Quand’è che s’è cominciato ad essere macchina perfetta ? Non straniatevi. La definizione è di Sky. Che alla fine s’è arresa, quella Juve così italo-tecnica è un congegno inespugnabile al quale mostrare deferenza. Giusto quella, visto che i denti no. Quelli si sono da un bel pezzo rotti. S’è cominciato quando s’è sposato il progetto di Max Allegri: mentalità adulta in un corpo giovane. Prendi, per amore o per forza, un giardino di tecnica pura e anche superiore al bisogno, una mezza dozzina di un po’ cazzoni ed un bel po’ galattici. Ne fai giocare, per amore e per forza, un bel tot di loro alternandoli in modo che ognuno nel coro, nella democrazia contributiva di voci, vuoi per forza vuoi per rumore, non si senta sicuro. Non si senta affatto. Li pieghi però nella loro purezza a un percorso fatto di calcolo, giudizio, malizie e ritmo da terza età quanno ce vo. Difesa collaudata e da record a chiudere il cerchio. E’ l’immaginazione che fa il compromesso storico con il potere. S’arriva così col Palermo a fare la parte scontata della capolista che ha ormai tutto sotto controllo, dell’ammazza campionato che splende di Pogba e di noia. Paul Pogba fa tutto. Assist dopo piroetta, traversa di nuovo usando il prato come nella pallamano. E goal finale, quello che chiude l’incontro, modello Capitan Uncino. Arriva da dietro al palermitano.

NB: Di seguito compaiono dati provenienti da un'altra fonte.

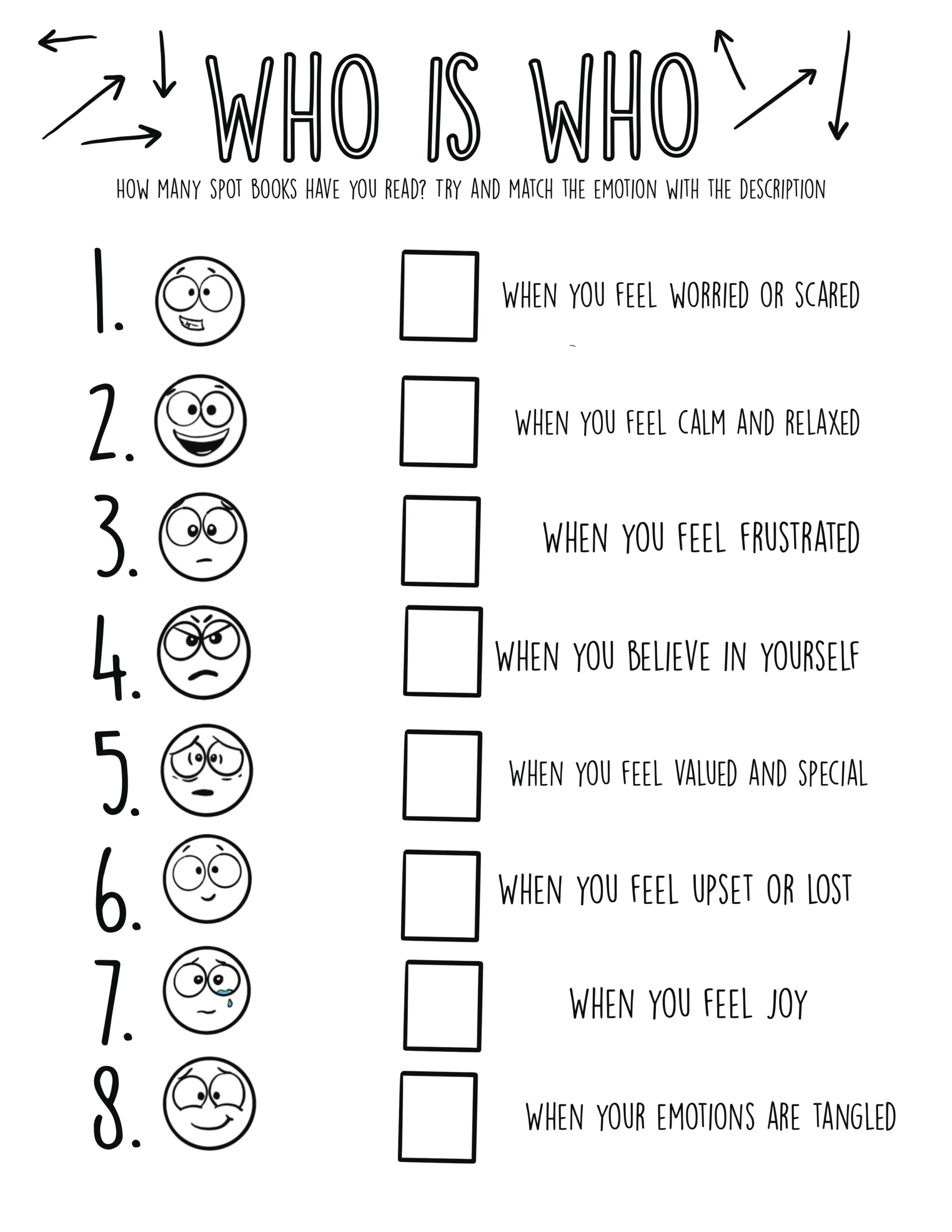 SPOT Emotions Who Is Who Download Activity Printable Diane Alber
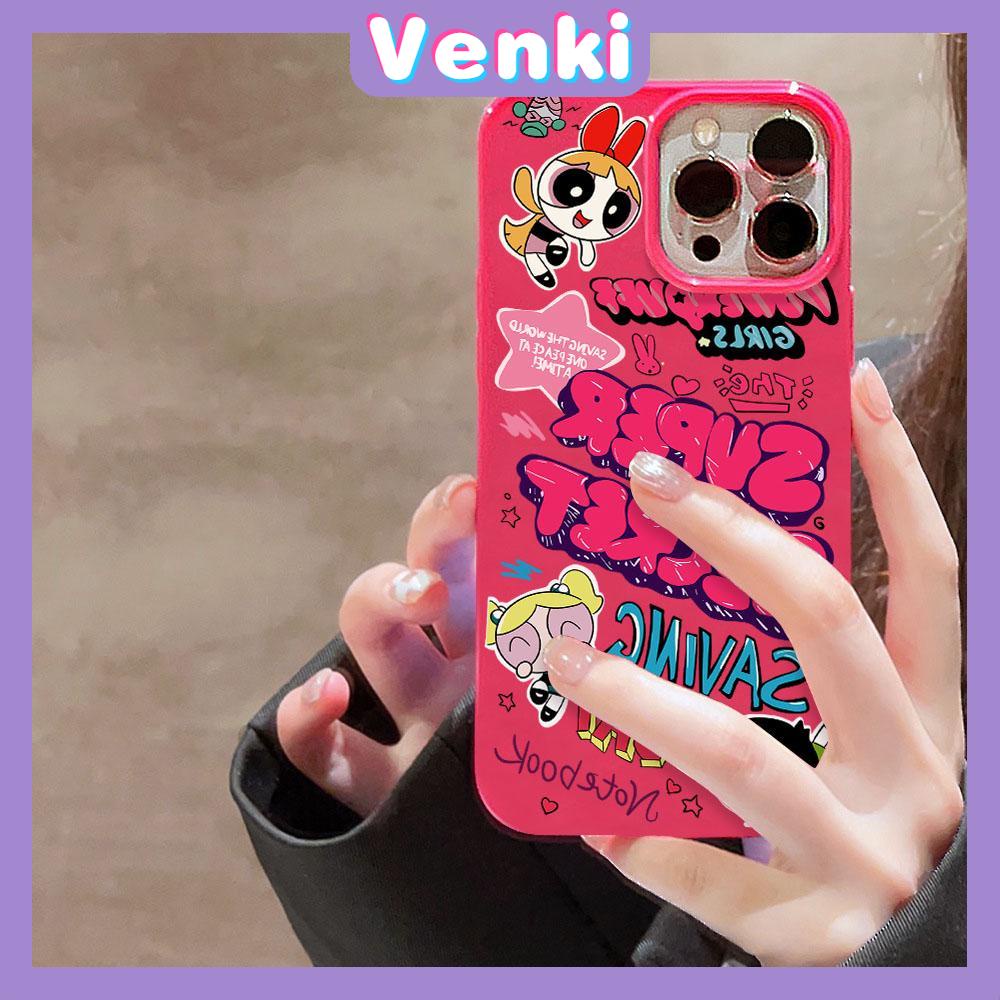 VENKI - For iPhone 11 iPhone Case Black Pink Glossy TPU Soft Case Shockproof Protection Camera Cute Cartoon Compatible with iPhone 13 Pro max 12 Pro Max  xr xs max 7Plus 8Plus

Manco un cristone come lui possa davvero sparire ma del Mago Pogba ne sentiremo ancora parlare. Usa il piede come artiglio. Il Palermo Peter Pan di Ballardini, che aveva vissuto una ultima giovinezza di discrete occasioni da rete tenendo in bilico il parziale mai il totale nella prima frazione, diventa adulto lì. La magia di Pogba li invecchia, rendendo ornamentale il resto. Li invecchia fino alla morte.